His later achievements included ownership or control of Consolidated Steel and Wire Company, Illinois Steel Company, American Steel and Wire Company of Illinois, and Republic Steel Company. He invested in the building of the Kansas City, Pittsburg and Gulf Railroad from Kansas City to Sabine Lake, Texas; the road later became the Kansas City Southern Railway, which Gates controlled. By 1900 Patillo Higginsqv had dug a 2,000-foot well on Spindletop (see SPINDLETOP OILFIELD), but he ran out of money before he struck oil.
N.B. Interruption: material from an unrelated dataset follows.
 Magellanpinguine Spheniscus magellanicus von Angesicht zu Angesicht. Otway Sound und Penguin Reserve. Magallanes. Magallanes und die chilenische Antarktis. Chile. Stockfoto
He applied to Gates for financing, and Gates formed the Texas Company (now Texacoqv), in which he owned 46 percent of the stock. On January 10, 1901, Spindletop blew in. Gates urged construction of pipelines and a refinery and furnished $500,000 for the purpose. In addition to forming the Texas Company he constructed new docks; built the First National Bank in Port Arthur, the Port Arthur Light, Power, and Ice Company, and the Plaza Hotel; and contributed $60,000 to build Port Arthur Business College.

He gambled at poker, the stock market, and horse races. In 1900 at a horse race in England he bet $70,000 on Royal Flush with 5½-to-1 odds and won $600,000. Rumors had him winning over $2 million and said he had bet a cool million, a fabrication that gave him his nickname.
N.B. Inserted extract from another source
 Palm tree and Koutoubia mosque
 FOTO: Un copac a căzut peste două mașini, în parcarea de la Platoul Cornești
Early in 1911, ill with kidney ailments and diabetes, Gates developed a malignant growth in his throat. He went to France in July, but doctors operated too late. He died on August 9, 1911. His funeral in the grand ballroom of the Plaza Hotel in New York City was conducted by Rev. Wallace McMullen of Madison Avenue Episcopal Church and Rev. J. W. LaGrone of Port Arthur. Flags in Port Arthur and on the Texas Company vessels flew at half mast, and crepe was displayed on the locked doors of other Gates interests. Gates left his fortune to his wife, their son, and selected others. His charity contributions included Mary Gates Memorial Hospital in Port Arthur and St. Charles Home for Boys. Mrs. Gates later gave funds to establish Gates Memorial Library in Port Arthur, the forerunner of Lamar University at Port Arthur.
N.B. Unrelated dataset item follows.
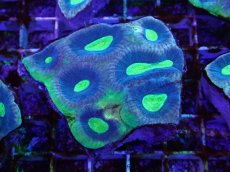 画像1: No.4 オーストラリア産　キクメイシsp (1)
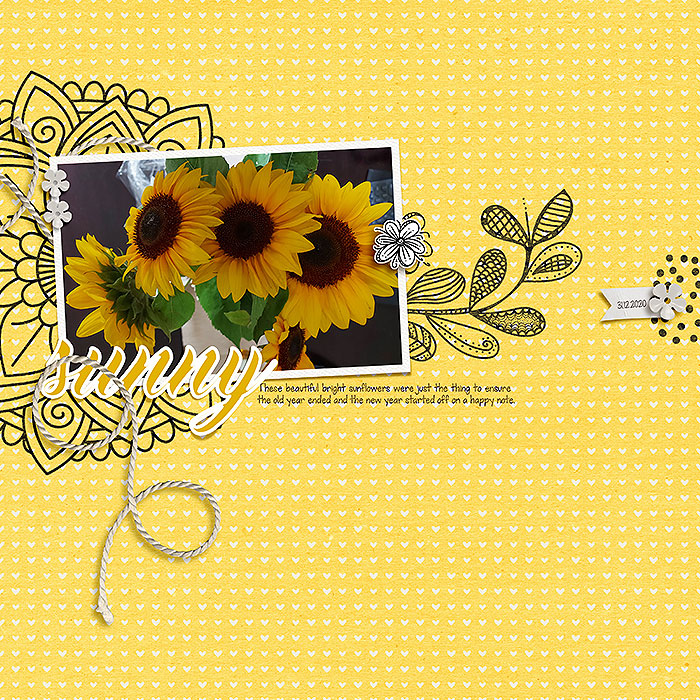 16: Sunny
BIBLIOGRAPHY: Herman Kogan and Lloyd Wendt, Bet-A-Million!: The Story of John W. Gates (New York: Bobbs-Merrill, 1948). Vertical Files, Barker Texas History Center, University of Texas at Austin.

Sidney A. Brintle
 

Handbook of Texas Online, s.v. "," http://www.tshaonline.org/handbook/online/articles/GG/fga41.html (accessed March 4, 2008).

(NOTE: "s.v." stands for sub verbo, "under the word.")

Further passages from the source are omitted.